6 Absorbing Indian short story collections you’ll love
Want to read Indian authors but don’t know where to start? These Indian short stories make a great introduction to the subcontinent's rich literary scene
For many, picking up a novel is an investment of time they aren’t always ready to make. These collections from Indian writers, written in English, will whet your appetite.
These Circuses That Sweep Through the Landscape by Tejaswini Apte-Rahm
This seems like the work of a seasoned writer, a master of idea and execution, a wizard of plot and prose. With these ten stories, each a work of art, Tejaswini Apte-Rahm invites you to take a closer look, drink in every detail, and to savour them.
"A lady gets lost in a gargantuan shopping arcade and seems forever trapped in endless consumerism"
Each story is unique, dealing with realistic situations but embellished with strange twists. They touch upon something—a particular emotion, a way of thinking—that draws us into the story, making the unbelievable quite comprehensible.
Why you'll love it: In "The Mall", a lady gets lost in a gargantuan shopping arcade and seems forever trapped in endless consumerism. We can feel her claustrophobia and her panic as she tries to make her way, in vain, to an exit.
Venus Crossing by Kalpana Swaminathan
With this collection of 12 stories from Mumbai, Kalpana Swaminathan weaves together tales of everyday life, sprinkling her own magic into the mix, dishing up a wonderful concoction.
In "The Arrangement", pain is described in shades of colour: “earth tones were the deep aches, gnawing, cold, feral…”
In the pathos-laden "Euthanasia", a lady attempts to help her dipsomaniac husband end his suffering, all the while displaying her own addiction to something quite unusual.
Why you'll love it: Characters have an almost 3D effect. The little girl selling trinkets on the train appears real—reach out and you can touch her, maybe even protect her before her head hits the seat as the carriage lurches.
Next Door by Jahnavi Barua
Set mostly in her native Assam, India’s north-eastern state known for its tea estates and natural beauty, Jahnavi Barua’s collection is replete with O Henryesque twists.
In "River of Life", a mentally challenged young man tries to change the course of a river and ends up changing the course of his life in the bargain. In "Holiday Homework", a friendship is forged between an old man and a young boy, but there is more than meets the eye.
"There is love here in many forms—filial love, love for her land and its people"
Barua’s writing is simple, yet her stories are skilful. There is love here in many forms—filial love, love for her land and its people—and she delicately handles matters of the heart. Here’s a voice you’ll want to hear more of.
Why you'll love it: The culture and scenic appeal of Assam is brought to life in each story.
Collected Short Stories by Ruskin Bond
Ruskin Bond is one of India’s most beloved writers, with an oeuvre consisting of more than 500 stories, essays, novellas and novels.
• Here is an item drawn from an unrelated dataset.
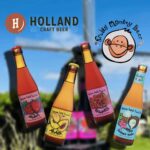 Holland Craft Beer & Fruity Monkey Beer logos in front of blurred windmill with four bottles of fruit beer.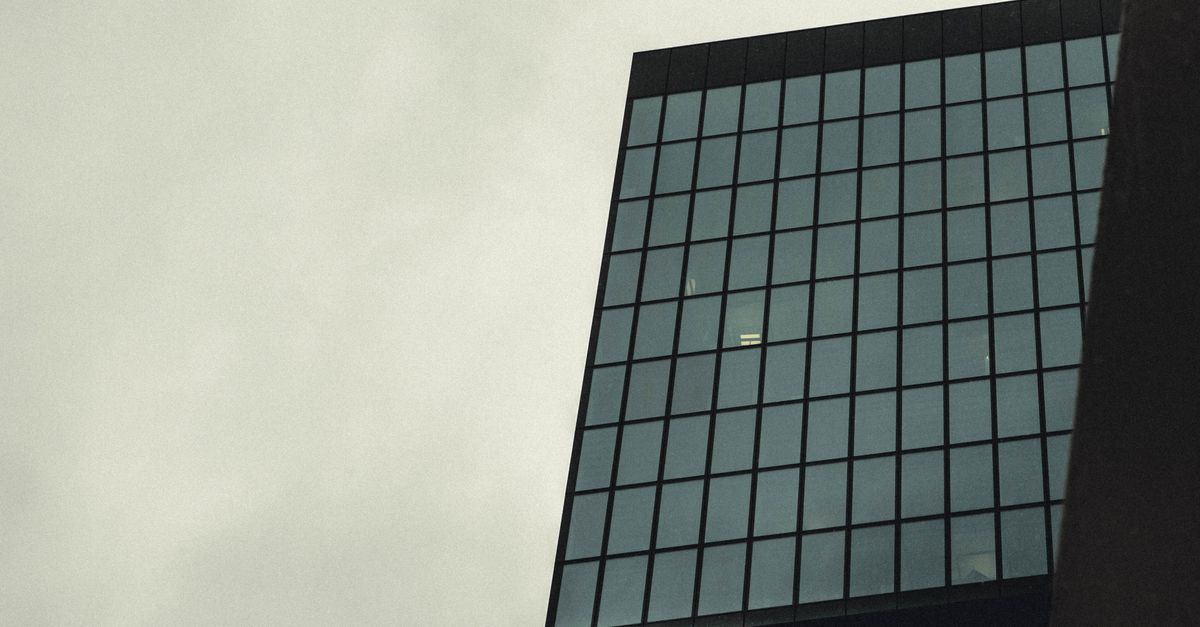 Low angle view of a modern skyscraper with a glass facade against a cloudy sky.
No list on writing from the subcontinent can be complete without mentioning him.
This volume brings together stories from near and far—tales from the rails and from the hills that he calls home, stories of the sea and across foreign lands, each simply told but leaving a lasting impression.
Why you'll love it: "The Eyes Have It", about a blind traveller and an unusual entrant into his train compartment. "The Daffodil Case", set in London, features a familiar hunting-cap-wearing, pipe-smoking, inference-making persona.
The Five-Dollar Smile by Shashi Tharoor
The joke goes that you need a thesaurus to read anything by Shashi Tharoor. Not so in this case, mercifully.
This collection of 14 stories and a play was written by the parliamentarian and former UN under-secretary-general in his adolescence and early adulthood.
"The joke goes that you need a thesaurus to read anything by Shashi Tharoor"
Yet, not one smacks of vacuity. On the contrary, the writing displays a maturity of thought and style, a confidence that results in an enjoyable read time after time and an indication of the gifted storyteller that he has gone on to become.
Why you'll love it: The title story deals with displacement, both geographical and emotional, told from the point of view of a child at the centre of a worldwide humanitarian appeal.
Malgudi Days by RK Narayan
Not all stories need drama, intrigue, romance… sometimes, they appeal purely because of their simplicity. Such is the case with RK Narayan’s collection, set in the fictional town of Malgudi.
Replete with a host of local characters (astrologer, beggar, mailman, doctor and others), they are a portrait of everyday life in small-town India, but Narayan in his introduction writes that the characteristics of Malgudi seem to him universal. “I can detect Malgudi characters even in New York,” he says.
In the 1980s, a few of the stories in the book were made into a TV series and it’s safe to say that an entire generation of Indians grew up on these.
Why you'll love it: "An Astrologer’s Day" was part of my school curriculum. Reading it again let me appreciate the writing in a new light.